Cut out the early morning jogs. The meet ups with running buddies. Pushing through that last mile. Exploring on foot. Racing in a sparkle skirt.
Cut it all out and see what’s left.
Last week, my friend E ran the Boston Marathon. I found everything I needed to track her and kept tabs on her throughout the day. I watched the elites battle for the win and watched E’s pace change as the weather grew hotter and wondered what it was like for her. After over three and a half hours, I watched as her little figure on the tracking software turned onto Boylston St., and I felt with a thrill the excitement of the home stretch and the promise of that finish line.
I may have cut all of the running out of my life, but what’s left is still a runner.
I’m also a cyclist, librarian, climber, and archivist.

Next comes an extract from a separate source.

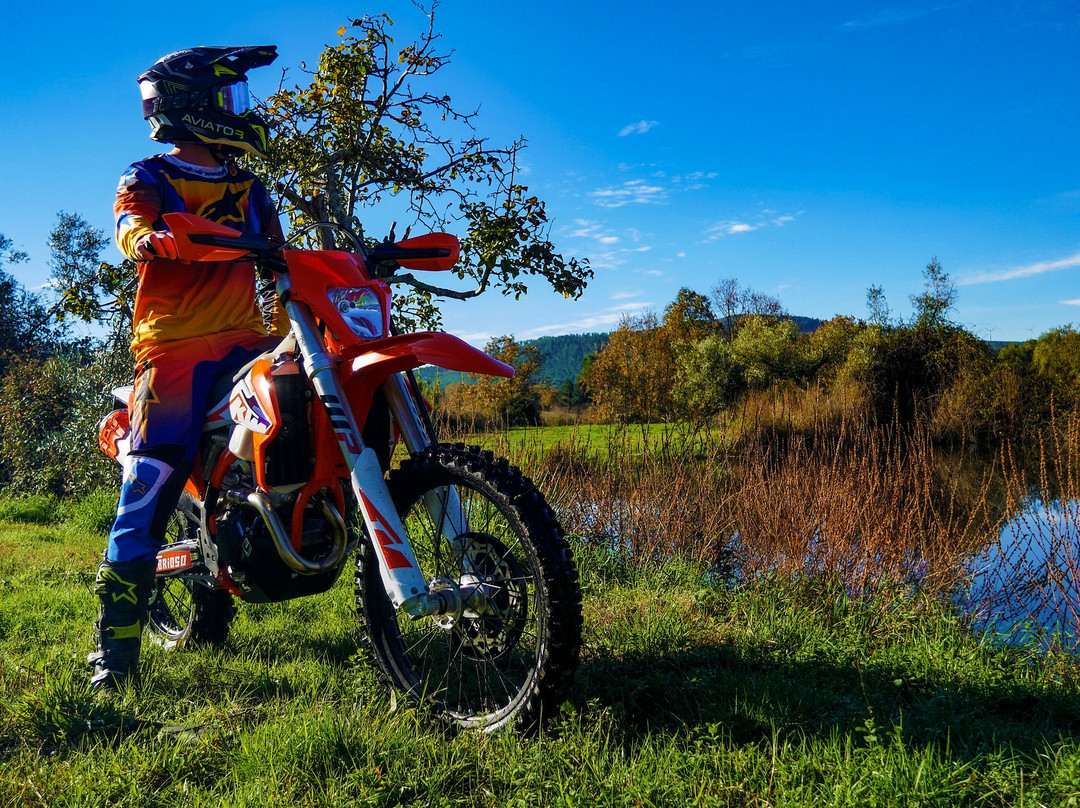 Estrela Enduro-丰当必去景点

This past year and a half, the free time I’ve gained from not running has allowed me to actively pursue these other interests and to broaden my professional skills. It has made me more well-rounded and more effective at my job.
But I still ache to lace up my shoes and go for a run if the weather’s nice or I feel stressed. I ache to watch friends run races while I’m stuck on the sidelines. I ache to run and hike again, and I can’t help but feel guilty about it sometimes. I feel whiney when someone asks how my knee is doing and I start going into detail about how it was good last fall but I returned to exercise too fast and now I’m back to the beginning and probably won’t race again for at least 2 years. I feel whiney because, in the grand scheme of things, running really isn’t all that important. I’m still generally mobile. I’m healthy. I can enjoy life. So many people out there have devastating problems, and I am lucky enough to have so much love, support, and happiness.
I recently watched a rock climbing video about a climber who was tackling a personal challenge on a climbing route in Spain. In the video, he put into words these feelings I’ve been having about running:
“Climbing doesn’t really matter all that much in the grand scheme of things, but at the same time it gets complicated when your whole identity is wrapped up in it and you put all this value into something so simple and meaningless as climbing a rock…It’s like challenging your self worth.” -Ethan Pringle in Ethan Pringle and La Reina Mora (5.14d)
The acts of running or climbing don’t necessarily have significance in and of themselves, but they are things that we choose to apply our time and talents toward, and as we draw significance from them, they become part of what makes us human.
I’m thankful that I have the life I do, with the luxury to pursue my interests and hobbies for fun, and I’m lucky to be a runner at heart.
While running isn’t important in the grand scheme of things, it’s part of my identity and how I share my life experience. And if that’s what you’re left with after stripping away everything else, it counts for a lot.